Schumann's biographer creates a celebration of his music
by Judith Sandler
When Phyllis Hoffman approached John Daverio with the idea of constructing a series celebrating the works of Robert Schumann, Daverio remembers, "she asked me to let my imagination run wild. She wanted me to give the series a focus. So I came up with three basic ideas to organize the series and gave her a list of potential pieces."
Had she scoured the country, it's unlikely that Hoffman, director of the School for the Arts music division, could have found anyone better qualified to design a Schumann series than the SFA associate professor. Daverio's scholarship in the field is well-known, and his recently published biography Robert Schumann: Herald of a New Poetic Age has received rave reviews from the musical press. The London Financial Times calls it "an embarrassment of musical riches," and Boston Book Review finds it "an absorbing and meticulous offering." Boston Symphony Orchestra program annotator Steven Ledbetter considers it "precisely the kind of book that we need about each of the composers who form the core of our musical lives." In addition, being asked to write the Schumann article for The New Grove's Dictionary of Music and Musicians, the definitive English language music reference publication, confers on Daverio the ultimate voice of authority on Schumann.

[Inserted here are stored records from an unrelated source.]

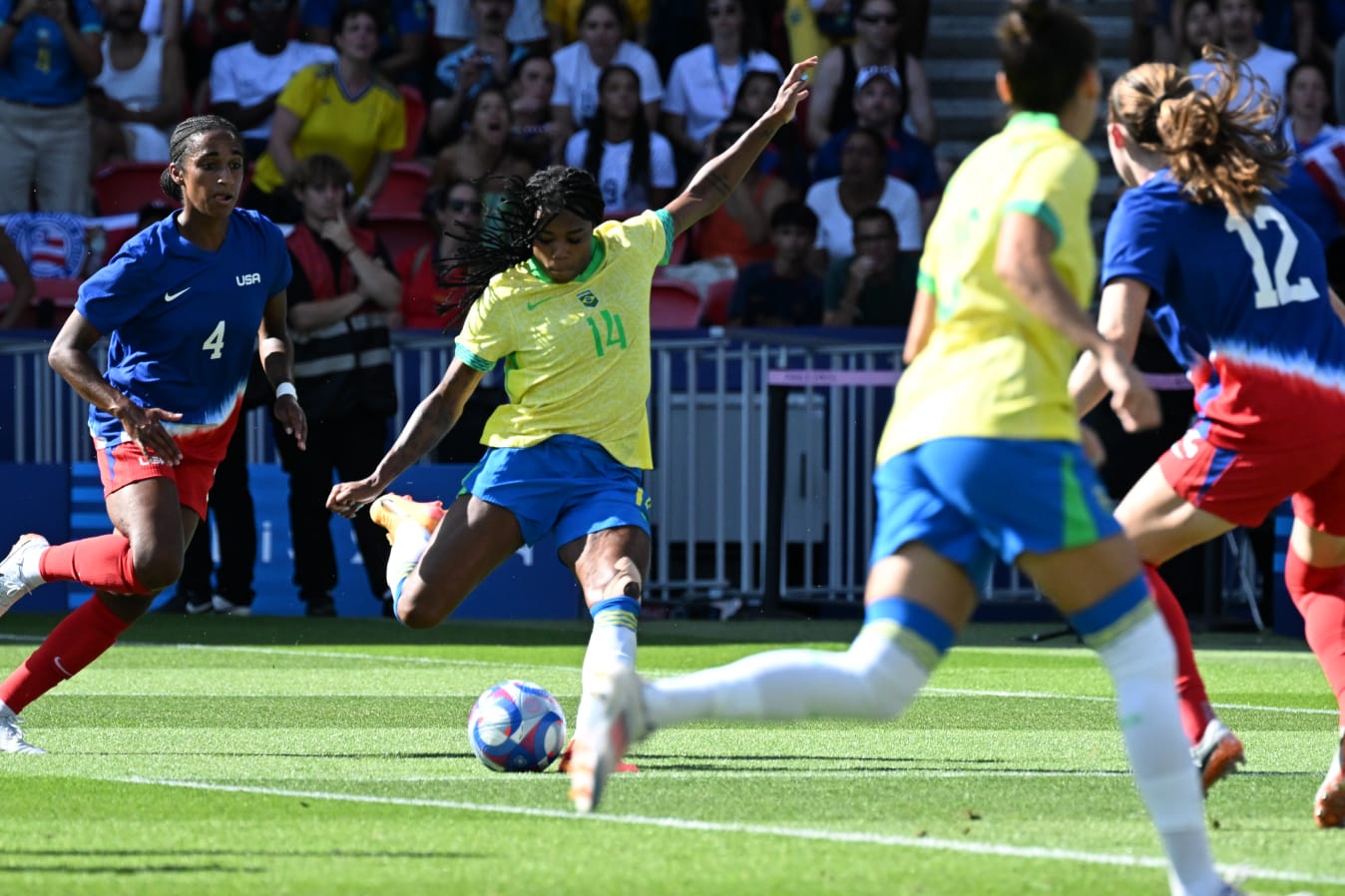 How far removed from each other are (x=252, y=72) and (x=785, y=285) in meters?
4.84

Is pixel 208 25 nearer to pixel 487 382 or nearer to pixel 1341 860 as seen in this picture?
pixel 487 382

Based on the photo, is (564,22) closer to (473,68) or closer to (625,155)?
(473,68)

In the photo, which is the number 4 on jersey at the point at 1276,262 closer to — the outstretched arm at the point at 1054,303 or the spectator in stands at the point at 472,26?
the outstretched arm at the point at 1054,303

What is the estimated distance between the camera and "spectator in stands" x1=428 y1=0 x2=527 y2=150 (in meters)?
18.3

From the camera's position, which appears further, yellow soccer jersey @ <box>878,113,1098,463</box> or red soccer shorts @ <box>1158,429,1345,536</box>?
red soccer shorts @ <box>1158,429,1345,536</box>

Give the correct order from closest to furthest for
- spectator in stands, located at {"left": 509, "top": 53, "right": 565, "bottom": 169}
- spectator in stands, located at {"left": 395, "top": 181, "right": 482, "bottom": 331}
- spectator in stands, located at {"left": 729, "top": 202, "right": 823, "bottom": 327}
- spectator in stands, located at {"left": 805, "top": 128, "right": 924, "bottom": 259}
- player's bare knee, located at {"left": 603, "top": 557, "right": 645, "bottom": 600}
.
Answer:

"John Daverio has risen to preeminence as a scholar of 19th-century German romanticism," says Hoffman. "This series of concerts is a fitting recognition of John's latest achievement, his biography of Robert Schumann, and coincides with its recent publication. Performances by SFA faculty and student ensembles of works Daverio has chosen and will introduce in preconcert lectures gives us a special opportunity to integrate before the public the music division's strong disciplines of scholarship and performance."
The series begins January 21 at the Tsai Peformance Center with a concert Daverio calls "Uttering Clara in Tones." He has selected works inspired by one of the great romances of the 19th-century musical world: the love story of Robert Schumann and his wife, brilliant pianist and gifted composer Clara Wieck Schumann. "So many of Robert's pieces were inspired by Clara in some way -- he even quotes from some of her music, and sometimes they collaborated on pieces," Daverio says.
In crafting the second concert of the series, "Exploring the Psyche," which will be presented on February 23, Daverio selected music demonstrating what Schumann termed "unusual states of the soul" -- music that reflects extraordinary states and extreme moods. The emotional range of the music in this concert extends from a rhapsody based on a child's fairy tale to the depiction of a half-crazed character inspired by the work of the inventor of the modern horror story, E. T. A. Hoffman. "But it is very important to clarify that just because Schumann wrote crazy-sounding music doesn't mean he was crazy," says Daverio. In constructing this concert, Daverio sought "to show the tremendous range and variety of mood in his music."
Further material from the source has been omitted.